Obviamente que um leitor pouco atento irá afirmar que este exemplo hipotético simplesmente não existe, posto que um degenerado moral (como tal casal) não teria estas preocupações com o bem estar alheio. Há que se perguntar, pois, se a maior parte das pessoas “normais” (ou seja, “boas”) faz tais coisas; segundo, se esta afirmação se baseia em algum dado estatístico (que, creio, simplesmente não existe), numa experiência de vida pessoal (o que pode significar que o autor da crítica falhou em conseguir o que outros obtiveram, ou seja, a felicidade) ou simplesmente num estereótipo cultural, calcado nestes valores fixos de BML, que determina então que deve ser classificado como BML. Mas, pode-se criticar alguém sem conhecer? Isso não é “Mau”? Ora, se as explicações que o crítico pode oferecer se baseia em qualquer uma das situações acima descritas, então eles está numa armadilha, e suas atitudes em tentar taxar algo de BML acidentalmente serão, em geral, “Más”.
Um problema de conexão
Logo, vemos que ANAP não se conecta diretamente com BML. No mesmo Ocidente, entende-se que mentir, roubar e matar são atos, em absoluto, ruins. No entanto, quase todos mentem, alguns roubam e outros matam. Em primeiro lugar, porque existe uma hierarquia no modo como interpretamos estes valores?

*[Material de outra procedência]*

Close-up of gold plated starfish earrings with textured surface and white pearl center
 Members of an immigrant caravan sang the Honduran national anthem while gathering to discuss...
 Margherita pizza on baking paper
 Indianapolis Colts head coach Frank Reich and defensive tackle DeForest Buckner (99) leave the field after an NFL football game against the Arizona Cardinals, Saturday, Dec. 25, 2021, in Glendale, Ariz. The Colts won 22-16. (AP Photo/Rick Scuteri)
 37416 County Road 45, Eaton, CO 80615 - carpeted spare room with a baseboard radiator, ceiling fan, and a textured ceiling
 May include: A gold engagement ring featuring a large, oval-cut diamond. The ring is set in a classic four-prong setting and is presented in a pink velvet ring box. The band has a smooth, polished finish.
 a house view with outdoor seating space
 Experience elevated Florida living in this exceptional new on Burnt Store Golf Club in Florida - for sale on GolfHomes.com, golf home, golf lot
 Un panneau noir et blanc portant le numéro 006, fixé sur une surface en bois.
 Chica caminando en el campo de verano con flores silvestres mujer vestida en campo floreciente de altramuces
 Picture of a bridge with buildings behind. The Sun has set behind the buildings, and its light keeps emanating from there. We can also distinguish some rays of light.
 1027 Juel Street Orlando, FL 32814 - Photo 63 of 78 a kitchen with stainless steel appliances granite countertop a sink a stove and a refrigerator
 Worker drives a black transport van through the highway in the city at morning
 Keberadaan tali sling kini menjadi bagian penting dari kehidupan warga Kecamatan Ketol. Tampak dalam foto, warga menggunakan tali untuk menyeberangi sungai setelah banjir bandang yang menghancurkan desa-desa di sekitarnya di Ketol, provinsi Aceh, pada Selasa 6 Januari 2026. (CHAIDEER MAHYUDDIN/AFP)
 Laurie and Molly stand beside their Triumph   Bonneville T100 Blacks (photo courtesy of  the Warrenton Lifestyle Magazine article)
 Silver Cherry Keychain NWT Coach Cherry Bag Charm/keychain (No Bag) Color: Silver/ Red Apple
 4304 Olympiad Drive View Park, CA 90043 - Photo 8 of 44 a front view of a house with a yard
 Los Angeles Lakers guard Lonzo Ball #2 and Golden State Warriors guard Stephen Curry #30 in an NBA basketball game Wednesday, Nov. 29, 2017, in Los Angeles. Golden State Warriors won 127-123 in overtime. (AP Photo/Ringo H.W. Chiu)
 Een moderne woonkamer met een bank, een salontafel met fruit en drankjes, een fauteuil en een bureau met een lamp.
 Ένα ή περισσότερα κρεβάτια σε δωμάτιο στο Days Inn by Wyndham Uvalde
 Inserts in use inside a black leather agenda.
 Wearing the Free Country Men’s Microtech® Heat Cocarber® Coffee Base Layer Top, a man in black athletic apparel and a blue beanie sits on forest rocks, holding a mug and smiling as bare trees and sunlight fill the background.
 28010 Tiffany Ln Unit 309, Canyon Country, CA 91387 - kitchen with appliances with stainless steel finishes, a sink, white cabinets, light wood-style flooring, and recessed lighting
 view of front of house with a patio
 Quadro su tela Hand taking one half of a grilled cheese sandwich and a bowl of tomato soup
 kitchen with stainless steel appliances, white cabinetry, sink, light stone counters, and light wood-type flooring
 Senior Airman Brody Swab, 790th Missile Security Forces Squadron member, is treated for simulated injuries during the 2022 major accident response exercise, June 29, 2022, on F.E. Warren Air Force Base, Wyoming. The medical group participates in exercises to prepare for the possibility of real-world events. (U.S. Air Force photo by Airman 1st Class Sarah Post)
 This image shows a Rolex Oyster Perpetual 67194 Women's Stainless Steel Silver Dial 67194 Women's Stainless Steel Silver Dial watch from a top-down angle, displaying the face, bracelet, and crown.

Segundo, o que garante a sua absoluta classificação conceitual se, em determinadas ocasiões, a realização de um ato inapropriado pode ser legitimável? Não precisamos chegar ao caso da pena de morte, por exemplo, para entender que essa parece ser, para muitos, a punição “adequada” para um assassino perigoso. Mas vamos propor uma outra situação um pouco mais complexa:
Imaginemos que um amigo nosso está sendo perseguido pela polícia por ser judeu, num Estado de orientação nazista. Ele pede asilo em nossa casa, e sabemos de sua inocência – ele não cometeu nenhum crime previsto pela lei. No entanto, se a polícia vier procurá-lo e bater em nossa porta, deveríamos entregá-lo, mesmo sabendo de sua inocência? Ou mentiríamos para protegê-lo? Existem, pois, mentiras apropriadas? Se a verdade é boa em absoluto, então devemos praticá-la, entregando nosso amigo para a polícia, mesmo sabendo que o governo está errado? E ainda, que governo pode ser “Bom” se, para funcionar, ele depende de atos que poderíamos classificar como “maus”?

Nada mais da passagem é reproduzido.